BRIEF: Copy only what lies from the line containing "Milliard Toddler Table" through the line containing "Pronóstico Insivumeh sobre" in the entries below, keeping both end lines exact and dropping every picture.

PROVIDED MATERIAL:

= = = = = = =

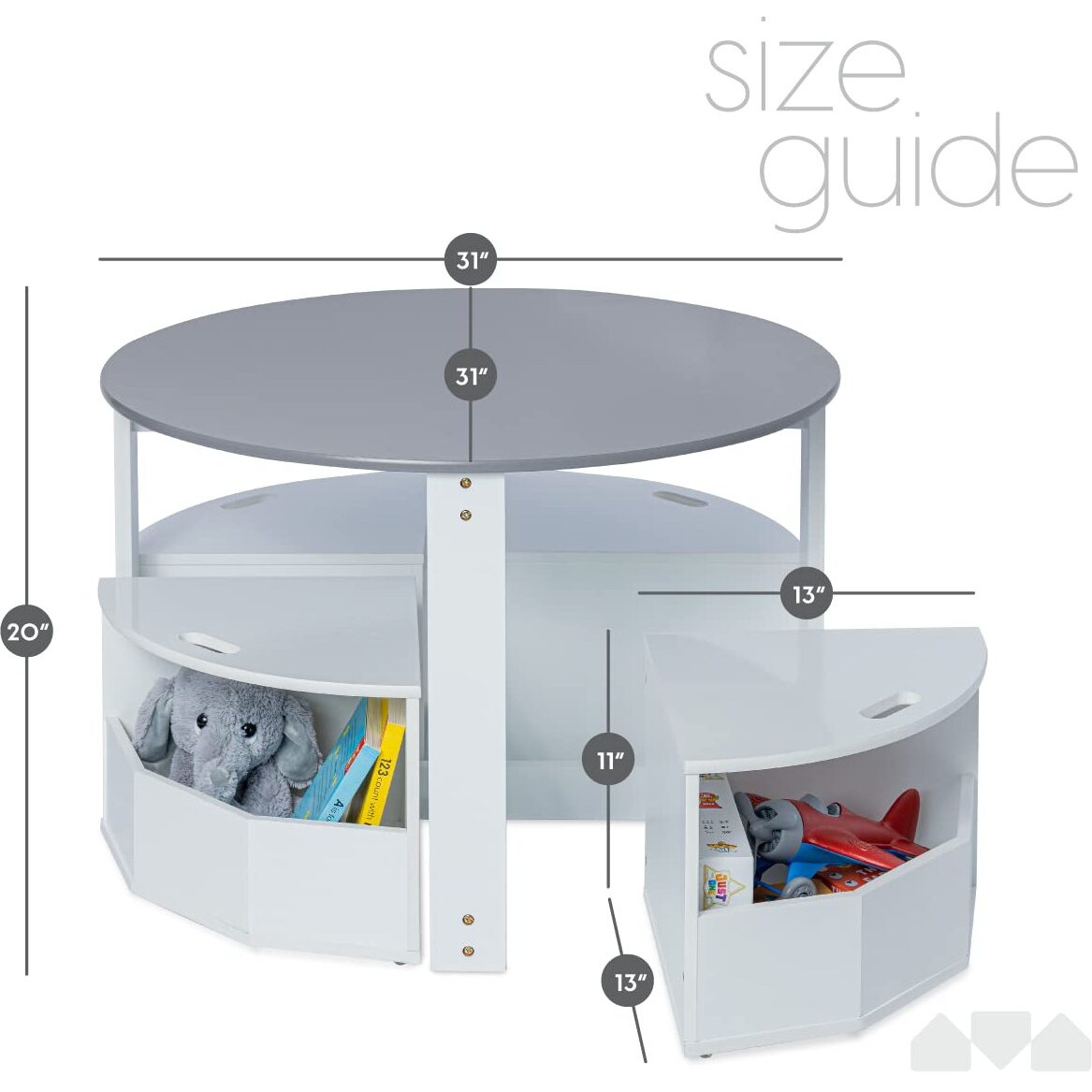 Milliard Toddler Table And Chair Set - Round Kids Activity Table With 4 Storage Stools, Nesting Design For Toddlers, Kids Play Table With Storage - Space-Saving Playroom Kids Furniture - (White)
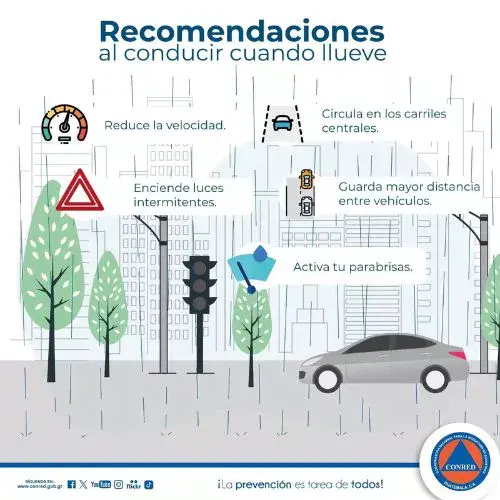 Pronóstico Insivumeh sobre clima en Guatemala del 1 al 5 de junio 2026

= = = = = = =

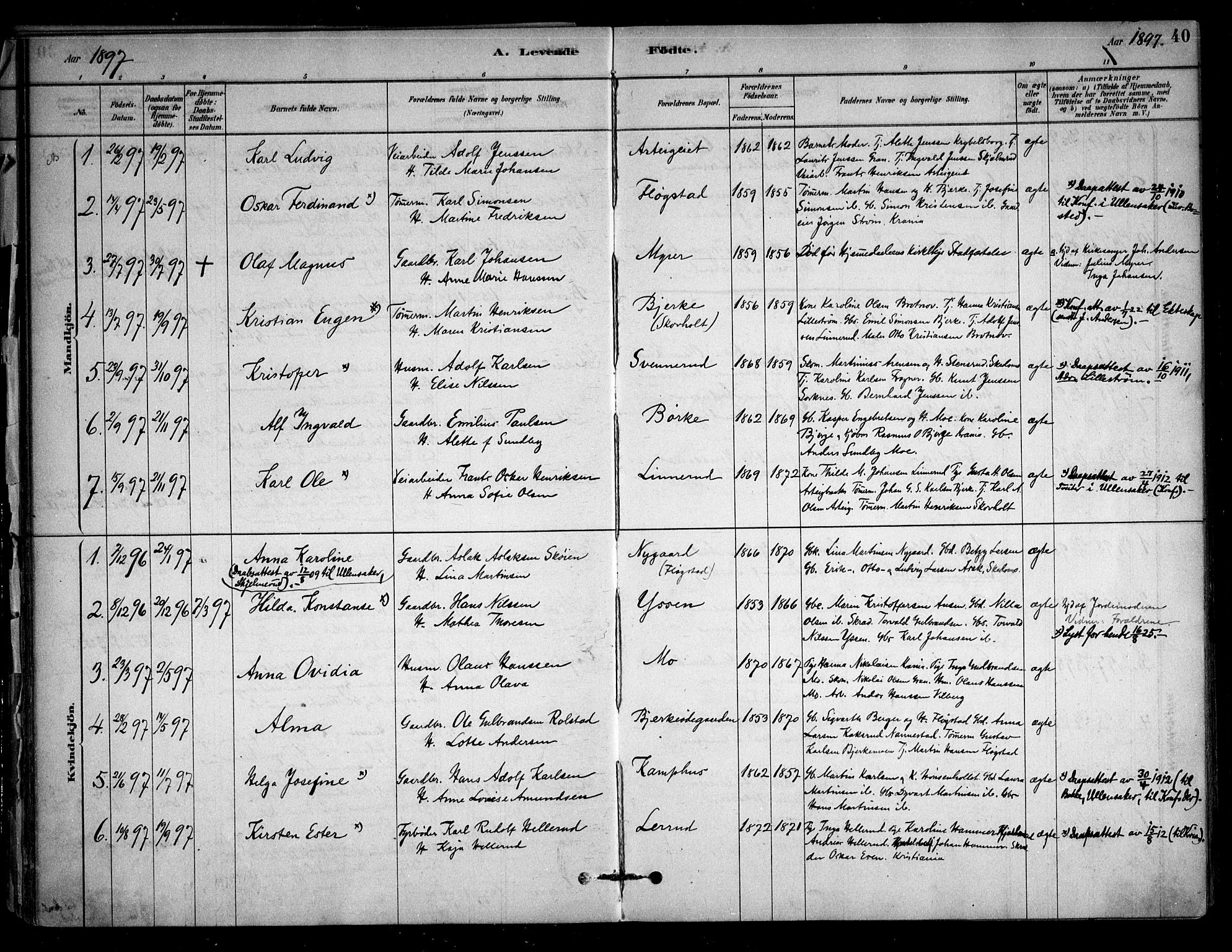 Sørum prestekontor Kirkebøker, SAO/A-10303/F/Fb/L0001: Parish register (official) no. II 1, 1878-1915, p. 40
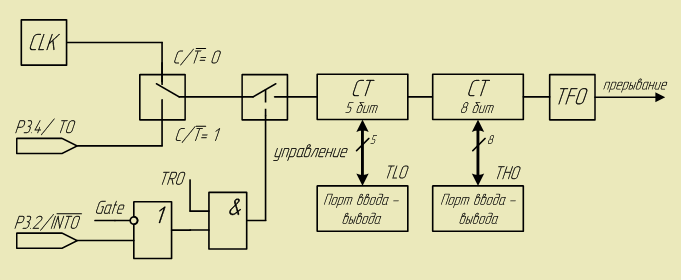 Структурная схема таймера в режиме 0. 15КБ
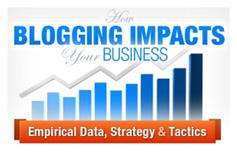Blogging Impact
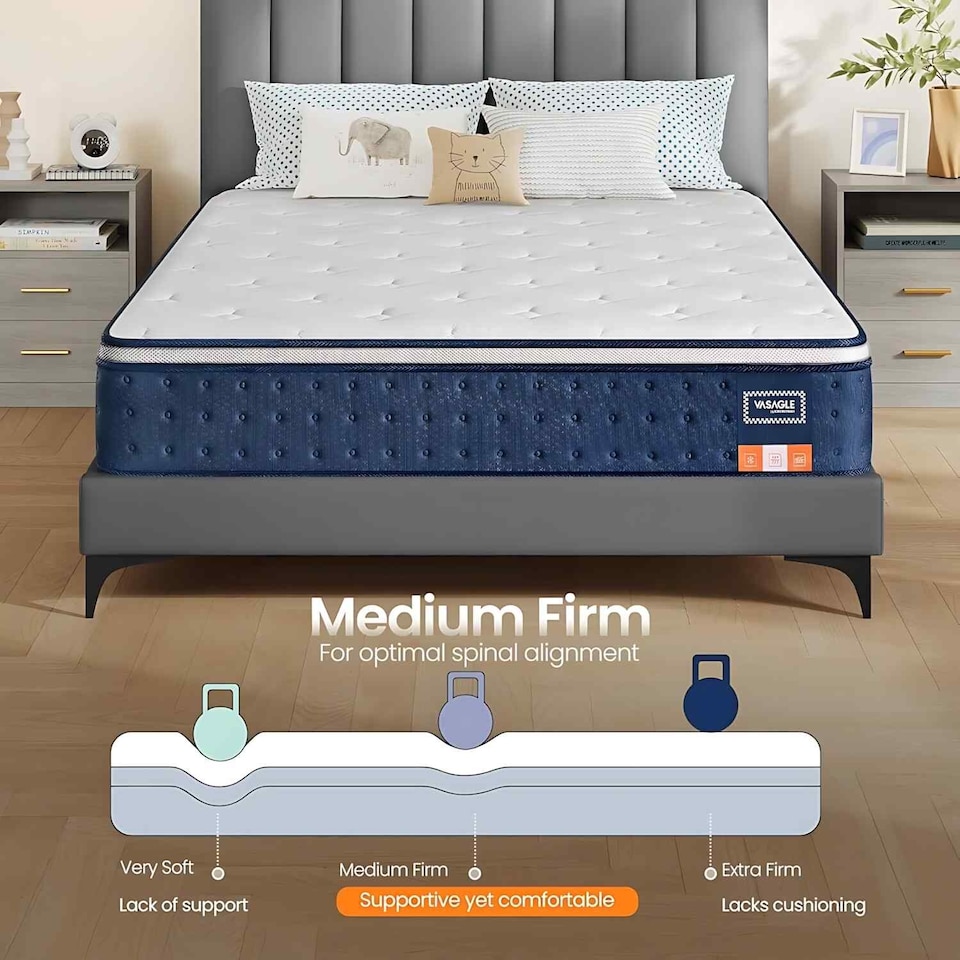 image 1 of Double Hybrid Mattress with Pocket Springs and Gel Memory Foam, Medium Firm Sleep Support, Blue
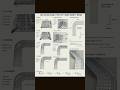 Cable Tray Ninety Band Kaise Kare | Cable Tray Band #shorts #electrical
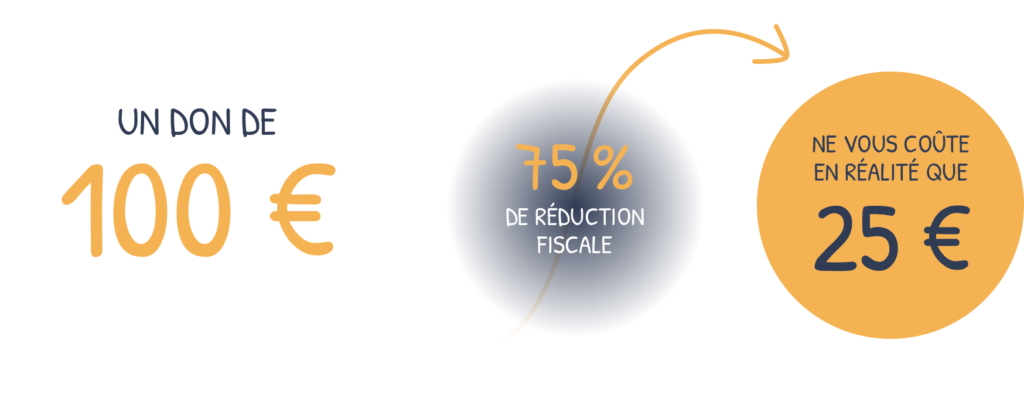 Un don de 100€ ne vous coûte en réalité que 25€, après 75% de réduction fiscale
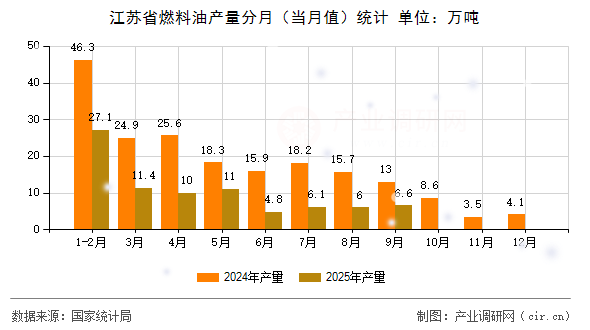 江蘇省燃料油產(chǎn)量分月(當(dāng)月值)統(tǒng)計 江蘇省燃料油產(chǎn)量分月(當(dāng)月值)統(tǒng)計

= = = = = = =

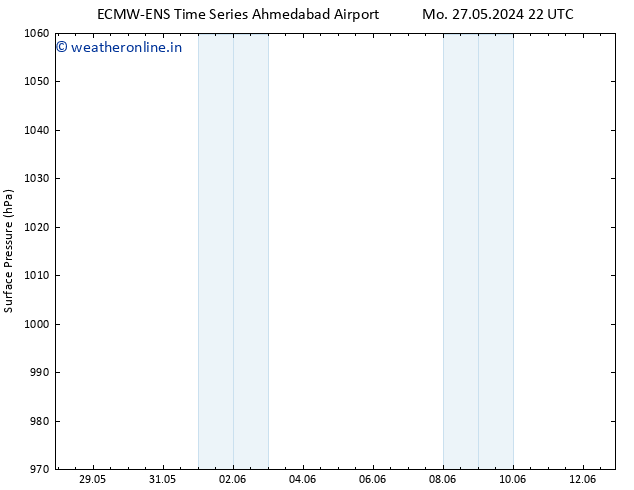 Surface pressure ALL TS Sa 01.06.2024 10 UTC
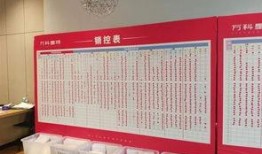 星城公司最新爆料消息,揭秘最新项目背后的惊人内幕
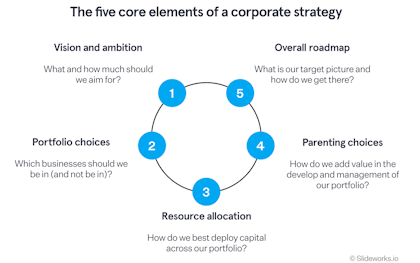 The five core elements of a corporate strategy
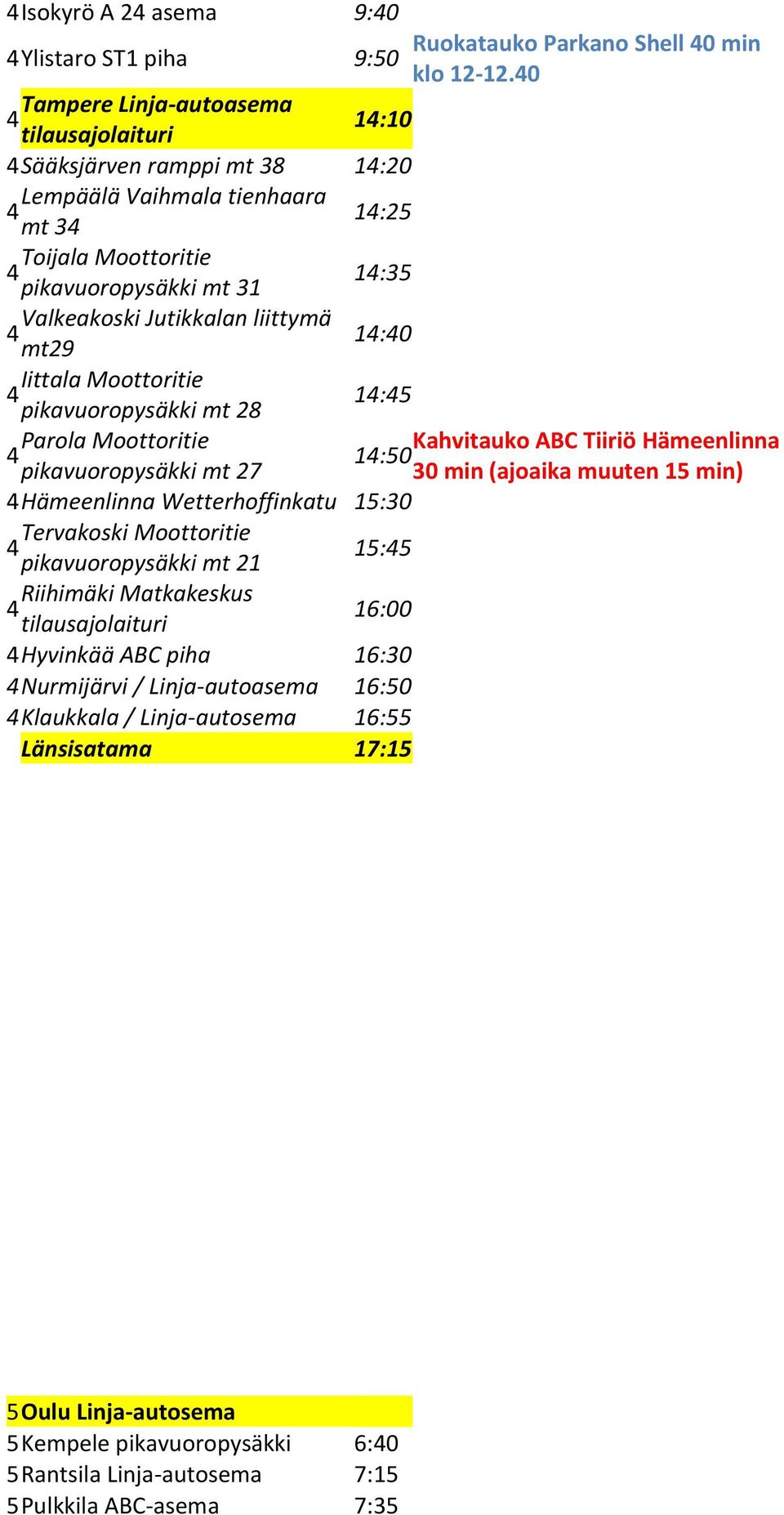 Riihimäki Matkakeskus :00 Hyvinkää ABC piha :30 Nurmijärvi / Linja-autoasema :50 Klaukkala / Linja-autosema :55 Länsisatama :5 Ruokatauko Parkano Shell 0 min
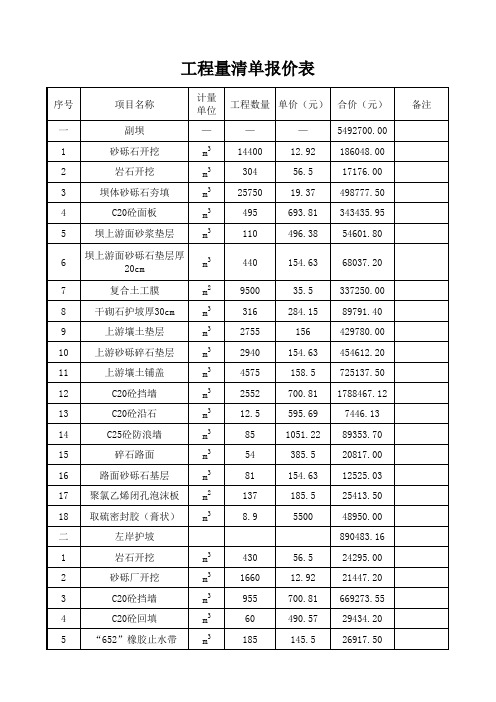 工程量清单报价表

= = = = = = =

ANSWER TO THE PROBLEM:
 Milliard Toddler Table And Chair Set - Round Kids Activity Table With 4 Storage Stools, Nesting Design For Toddlers, Kids Play Table With Storage - Space-Saving Playroom Kids Furniture - (White)
 Pronóstico Insivumeh sobre clima en Guatemala del 1 al 5 de junio 2026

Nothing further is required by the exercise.